In addition to HCC occurrence [25, 26], which was the primary endpoint of both cohorts, all events that occurred during follow-up (i.e. , death, liver decompensation, bacterial infection [25], extrahepatic malignancies [27] and cardiovascular diseases [28]) were recorded using information obtained from the medical records of patients held by each centre [29], Moreover, likely cause(s) of death were established. All recorded information during follow-up was secondarily monitored by clinical research associates localized in institution 1 , 3 and 7. All medical diagnoses of events occurring during follow-up were confirmed by two senior hepatologists (authors N.G-C and P.N.).

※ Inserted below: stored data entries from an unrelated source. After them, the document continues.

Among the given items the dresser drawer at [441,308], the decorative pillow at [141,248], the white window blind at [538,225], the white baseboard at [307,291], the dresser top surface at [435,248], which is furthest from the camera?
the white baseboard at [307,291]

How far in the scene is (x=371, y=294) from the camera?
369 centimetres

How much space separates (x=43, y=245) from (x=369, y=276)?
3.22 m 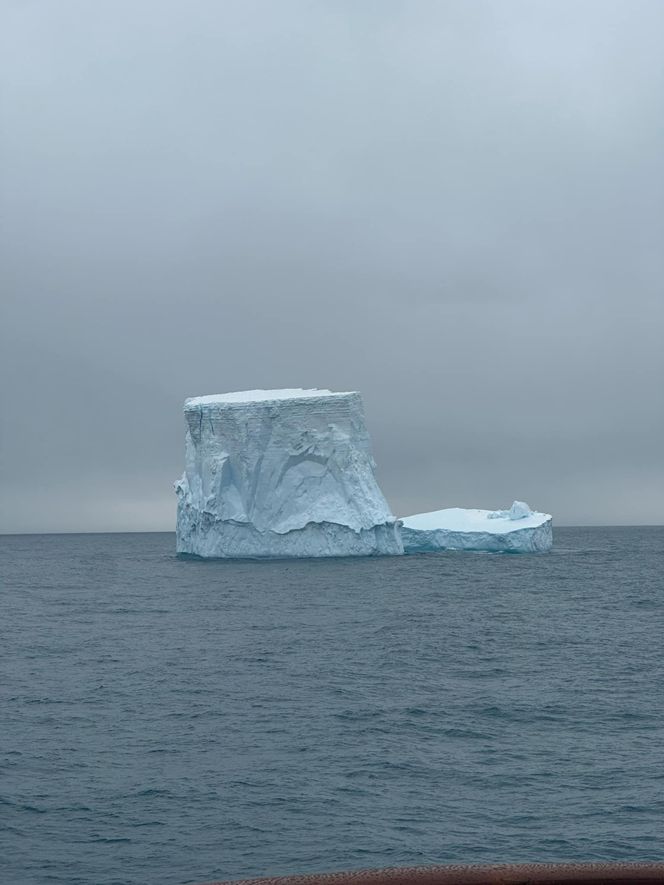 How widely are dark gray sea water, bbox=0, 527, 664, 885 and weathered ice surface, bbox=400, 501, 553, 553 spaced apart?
24095 mm

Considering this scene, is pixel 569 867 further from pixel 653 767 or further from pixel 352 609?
pixel 352 609

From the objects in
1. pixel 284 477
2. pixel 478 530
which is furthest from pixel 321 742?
pixel 478 530

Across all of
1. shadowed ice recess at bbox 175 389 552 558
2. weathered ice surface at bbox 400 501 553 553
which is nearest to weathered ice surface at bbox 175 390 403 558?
shadowed ice recess at bbox 175 389 552 558

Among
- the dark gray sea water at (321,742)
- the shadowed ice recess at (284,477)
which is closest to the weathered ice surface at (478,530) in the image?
the shadowed ice recess at (284,477)

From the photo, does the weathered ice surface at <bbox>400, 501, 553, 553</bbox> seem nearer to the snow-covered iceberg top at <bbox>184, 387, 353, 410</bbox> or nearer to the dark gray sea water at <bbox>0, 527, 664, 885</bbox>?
the snow-covered iceberg top at <bbox>184, 387, 353, 410</bbox>

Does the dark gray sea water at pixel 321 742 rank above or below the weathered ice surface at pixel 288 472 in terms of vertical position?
below

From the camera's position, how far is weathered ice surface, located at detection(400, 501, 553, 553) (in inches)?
1983

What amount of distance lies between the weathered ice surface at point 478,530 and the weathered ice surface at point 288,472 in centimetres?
1000

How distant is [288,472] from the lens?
39.8 metres

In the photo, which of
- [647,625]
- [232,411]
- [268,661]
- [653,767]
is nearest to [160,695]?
[268,661]

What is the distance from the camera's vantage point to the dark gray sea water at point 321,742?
8.10m

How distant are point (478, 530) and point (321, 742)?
40.1 meters

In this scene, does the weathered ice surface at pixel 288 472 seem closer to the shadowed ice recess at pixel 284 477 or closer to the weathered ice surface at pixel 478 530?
the shadowed ice recess at pixel 284 477

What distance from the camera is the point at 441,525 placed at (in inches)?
2041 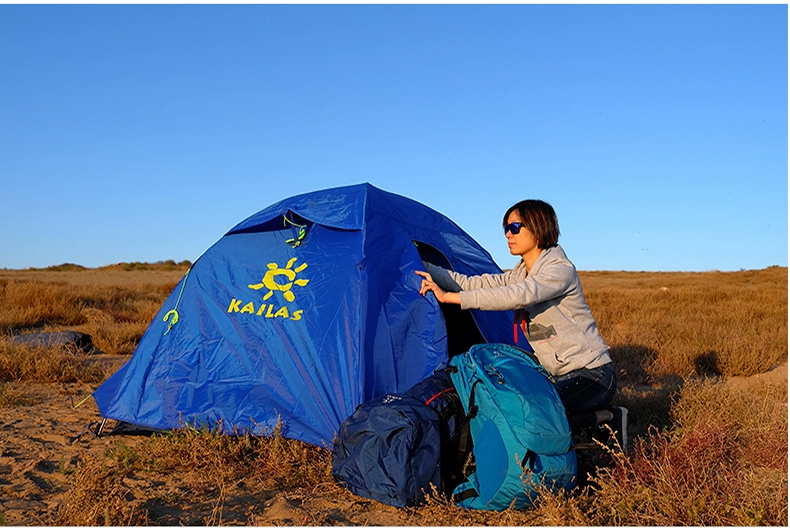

Patients who underwent liver transplantation were censored for analysis at the date of transplantation. All treatments, including antiviral therapies, were recorded at inclusion, and patients were notified of any modifications during follow-up [30], A single database encompassing clinical data from the 2 cohorts was built on November 18, 2019 [29], Among all included patients, only those with alcoholic cirrhosis or who achieved HCV eradication during follow-up were considered for the present analyses, the date of viral eradication being set as index time (see Figure 1).

ANRS CO12 CirVir cohort

The ANRS CO12 CirVir cohort, sponsored and funded by the ANRS (France REcherche Nord & Sud Sida-HIV Hepatites), is a multicentre observational cohort that aims to characterize the incidence of complications occurring in biopsy-proven compensated cirrhosis and to identify the associated risk factors using competing risks analysis [20], The full CirVir protocol is available on the ANRS website (anrs.fr). Specific additional inclusion criteria were i) cause of cirrhosis related to either chronic infection with HCV and/or HBV regardless of the levels of replication and alcohol consumption, ii) patients belonging to Child-Pugh A at enrolment, iii) absence of previous hepatic complications (particularly ascites, gastrointestinal haemorrhage, or HCC), and iv) absence of severe uncontrolled extrahepatic disease resulting in an estimated life expectancy of less than 1 year.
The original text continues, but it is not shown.